2. Practical considerations. The owner of an airport is entitled to seek recovery of initial and continuing costs of providing a public use landing area. The development of aeronautical enterprises on land uncontrolled by the owner of the public airport can result in a competitive advantage for the “through-the-fence” operator to the detriment of on airport operators. To equalize this imbalance the airport owner should obtain from any off-base enterprise a fair return for its use of the landing area.

3. Safety considerations. Arrangements that permit aircraft to gain access to a public landing area from off-site properties complicate the control of vehicular and aircraft traffic. Special safety operational requirements may need to be incorporated in the “through-the-fence” agreement.

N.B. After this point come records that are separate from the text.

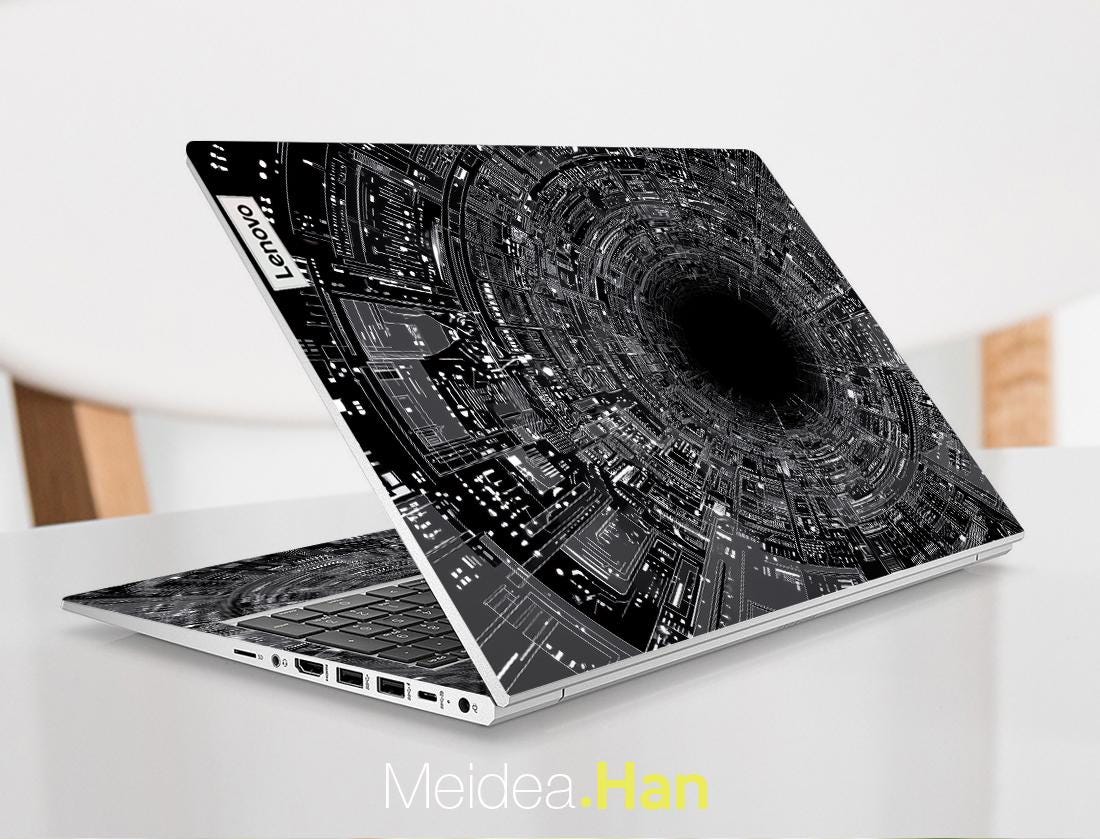 Lenovo IP Slim 3 Chrome 14M868 Personalized Gift Black Hole Design
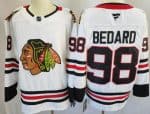Chicago Blackhawks #98 Connor Bedard White Authentic Jersey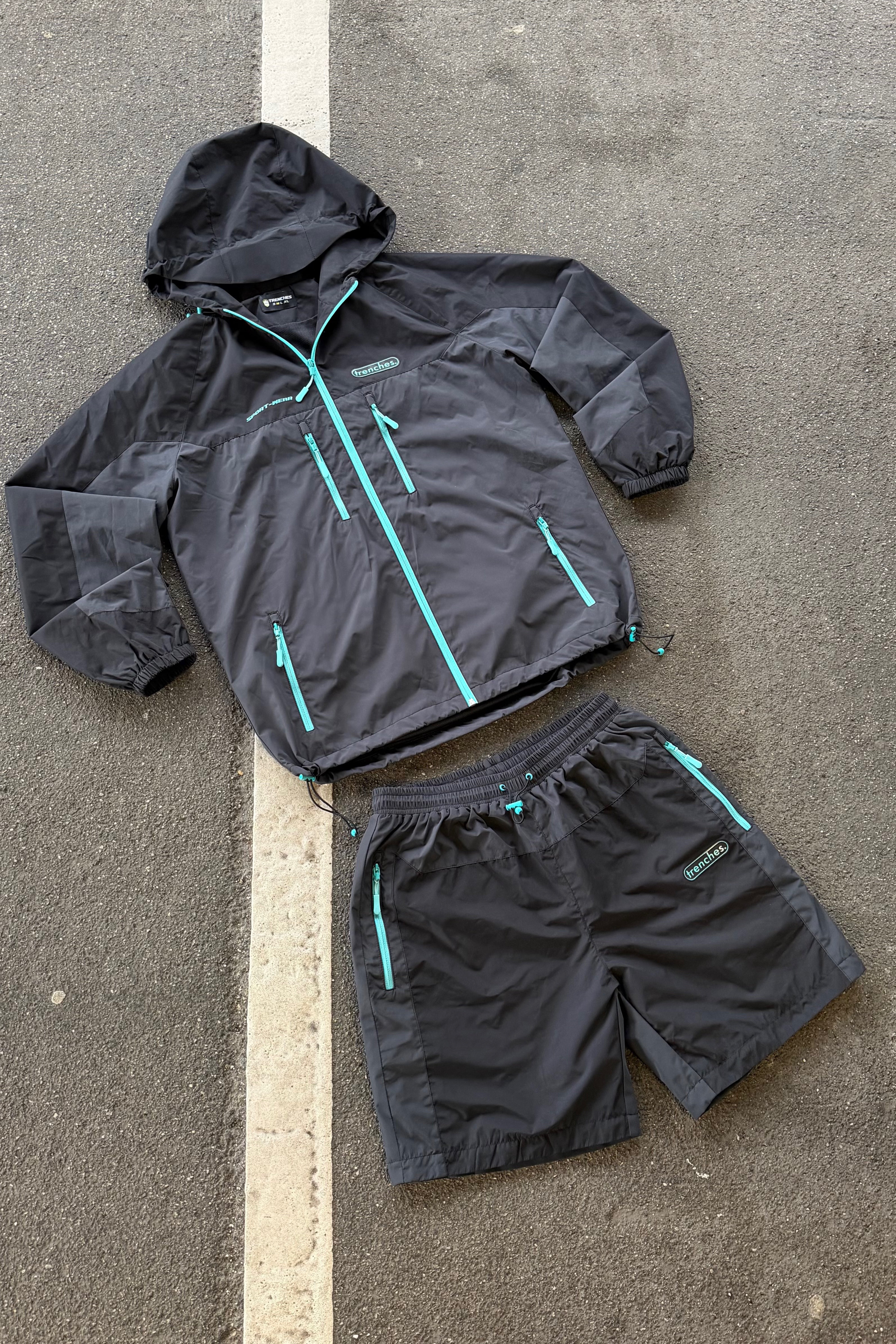 BLACK/BLUE TRC WINDBREAKER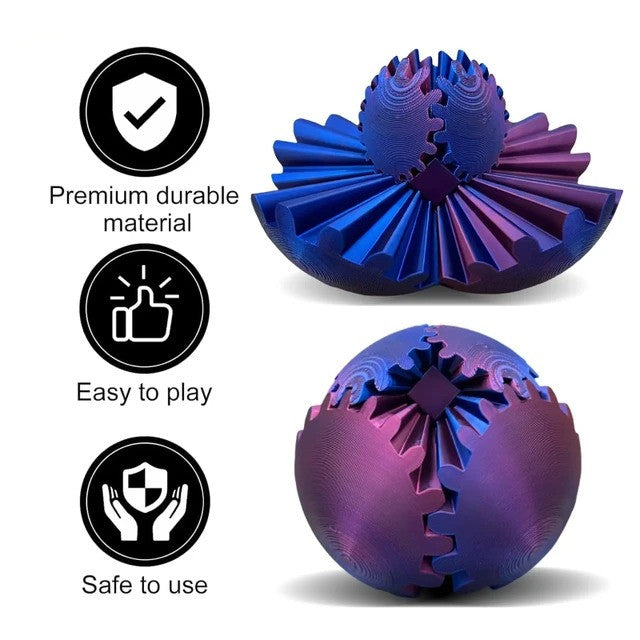 The Twisting Magic Gear-Globe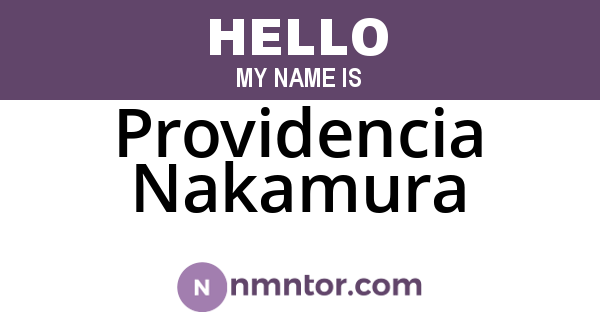 Providencia Nakamura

4. Agency position. As a general principle, FAA will recommend that airport operators refrain from entering into any agreement which grants access to the public landing area by aircraft normally stored and serviced on adjacent property. Exceptions can be granted on a case-by-case basis where operating restrictions ensure safety and equitable compensation for use of the airport. Examples include:

1. Where a bonafide airport tenant has already leased a site from the airport owner and has negotiated airfield use privileges, but also desires to move aircraft to and from a hangar or manufacturing plant on adjacent, off-airport property. In this case actual access will be gained through the area provided by the airport owner.

2. Where an individual or corporation, actually residing or doing business on an adjacent tract of land, proposes to gain access to the landing area solely for aircraft use incidental to such residence or business without offering any aeronautical services to the public. This situation is commonly encountered where an industrial airpark is developed in conjunction with the airport.

5. Determinations. The existence of arrangements granting access to a public landing area from off-site locations contrary to FAA recommendations shall be reported to regional Airports divisions with a full statement of the circumstances. If the regional Airports division determines that the existence of such an agreement circumvents the attainment of the public benefit for which the airport was developed, the owner of the airport will be notified that the airport may be in violation of his agreement with the Government.